Observando o público presente no anfiteatro onde ocorreu a premiação, pude constatar que não havia pretos. O mais “escurinho” era eu, um mestiço nem tão escuro assim. Havia um percentual de “olhinhos puxados”, em um índice maior que costumo ver nos meus contatos diários, uma parte significativa de Suzano, o que justifica o mito do “japonês CDF”. No geral, eram todos muito branquinhos.

Isso nos leva a pensar que, ou os pretos são indolentes, intelectualmente menos capacitados, ou que é muito difícil encontrar um preto fazendo parte dessa “elite” porque as condições de competição deles são muito desfavoráveis em relação aos demais. Quanto ao Vítor, ele não trabalha e tem todo o dia à disposição para estudar. Na idade dele eu já trabalhava em tempo integral havia ao menos 2 anos e estudava à noite. Se ele tivesse que passar pelas mesmas restrições que eu passei, JAMAIS faria parte dessa elite.

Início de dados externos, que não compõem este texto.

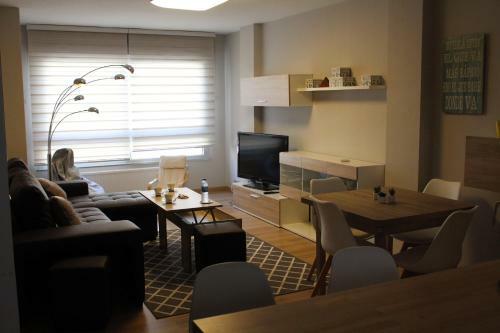 Apartamento Rosal�a de Castro, 41 - Centro - Vut-co-01904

Por esse motivo me entristece profundamente quando vejo tantas pessoas culpando os menos favorecidos, em especial os pretos, de não conseguirem fazer parte de elites estudantis, por exemplo, porque não se esforçaram o suficiente, porque ficam de “mimimi” e ainda têm a capacidade de utilizarem exemplos absolutamente fora da curva, exceções raríssimas, muito raríssimas de pretos que chegaram lá, como o ex-ministro do STF Joaquim Barbosa. Para mim que vivi toda uma infância de estigmas – e sempre senti isso na pele– soam extremamente cruéis e injustas essas colocações, de uma cegueira e burrice inacreditável a incapacidade das pessoas de enxergarem esses mecanismos estruturais perversos. Minha alma sangra com isso. Saí de lá feliz pelo Vitor, mas decepcionado por não ver sequer um pretinho na “elite estudantil”.